Python 读取csv文件中的n个表以分离数据帧
我有一个单独的.csv文件,其中有四个表,每个表都是四家西南航空公司2001-1986年间的不同财务报表。我知道我可以将每个表分成单独的文件,但它们最初是作为一个文件下载的 我想将每个表读取到它自己的数据框架中进行分析。以下是数据的子集:Python 读取csv文件中的n个表以分离数据帧,python,pandas,file,csv,dataframe,Python,Pandas,File,Csv,Dataframe,我有一个单独的.csv文件,其中有四个表,每个表都是四家西南航空公司2001-1986年间的不同财务报表。我知道我可以将每个表分成单独的文件,但它们最初是作为一个文件下载的 我想将每个表读取到它自己的数据框架中进行分析。以下是数据的子集: Balance Sheet Report Date 12/31/2001 12/31/2000 12/31/1999 12/31/1998 Cash & cash equivalent
Balance Sheet
Report Date 12/31/2001 12/31/2000 12/31/1999 12/31/1998
Cash & cash equivalents 2279861 522995 418819 378511
Short-term investments - - - -
Accounts & other receivables 71283 138070 73448 88799
Inventories of parts... 70561 80564 65152 50035
Income Statement
Report Date 12/31/2001 12/31/2000 12/31/1999 12/31/1998
Passenger revenues 5378702 5467965 4499360 3963781
Freight revenues 91270 110742 102990 98500
Charter & other - - - -
Special revenue adjustment - - - -
Statement of Retained Earnings
Report Date 12/31/2001 12/31/2000 12/31/1999 12/31/1998
Previous ret earn... 2902007 2385854 2044975 1632115
Cumulative effect of.. - - - -
Three-for-two stock split 117885 - 78076 -
Issuance of common.. 52753 75952 45134 10184
各表各有17列,第一列为行项目说明,但行数不同,即资产负债表为100行,而现金流量表为65行
我所做的
我看到过类似的帖子,注意到使用nrows和skiprows。我使用skiprows读取整个文件,然后通过索引创建单个财务报表
我正在寻找关于以更好的Python风格和最佳实践为每个表创建数据框架的评论和建设性批评 以下是我的解决方案:
我的假设是,每个报表都以一个指标(“资产负债表”、“损益表”、“留存收益表”)开始,我们可以基于该指标拆分该表以获得单独的数据帧。这是以下代码所基于的前提。让我知道这是否是一个有缺陷的假设
import pandas as pd
import numpy as np
#i copied your data above and created a csv with it
df = pd.read_csv('csvtable_stackoverflow',header=None)
0
0 Balance Sheet
1 Report Date 12/31/2001 12/31/...
2 Cash & cash equivalents 2279861 522995...

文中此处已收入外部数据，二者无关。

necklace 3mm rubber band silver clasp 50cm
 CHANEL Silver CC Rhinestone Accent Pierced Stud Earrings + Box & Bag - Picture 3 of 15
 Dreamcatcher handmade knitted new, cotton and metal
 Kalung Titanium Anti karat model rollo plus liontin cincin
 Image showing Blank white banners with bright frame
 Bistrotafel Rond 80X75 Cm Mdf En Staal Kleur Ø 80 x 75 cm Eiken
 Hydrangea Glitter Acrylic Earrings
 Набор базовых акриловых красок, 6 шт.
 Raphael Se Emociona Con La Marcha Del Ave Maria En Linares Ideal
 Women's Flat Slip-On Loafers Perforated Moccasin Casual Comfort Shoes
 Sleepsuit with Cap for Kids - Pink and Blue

3 Short-term investments - - ...
4 Accounts & other receivables 71283 138070...
5 Inventories of parts... 70561 80564...
6 Income Statement
7 Report Date 12/31/2001 12/31/...
8 Passenger revenues 5378702 546796...
9 Freight revenues 91270 110742...
10 Charter & other - - ...
11 Special revenue adjustment - - ...
12 Statement of Retained Earnings
13 Report Date 12/31/2001 12/31/2...
14 Previous ret earn... 2902007 2385854...
15 Cumulative effect of.. - - ...
16 Three-for-two stock split 117885 - 78076 -
17 Issuance of common.. 52753 75952...
下面的代码只是使用numpy select筛选出包含哪些行
资产负债表或损益表或现金流
下面的下一个代码创建一列,指示图纸类型,将“0”转换为null,然后填充
df = (df.assign(sheet_type = np.select(condlist,choicelist))
.assign(sheet_type = lambda x: x.sheet_type.replace('0',np.nan))
.fillna(method='ffill')
)
最后一步是拉出各个数据帧
df_bal_sheet = df.copy().query('sheet_type=="Balance Sheet"')
df_income_sheet = df.copy().query('sheet_type=="Income Statement"')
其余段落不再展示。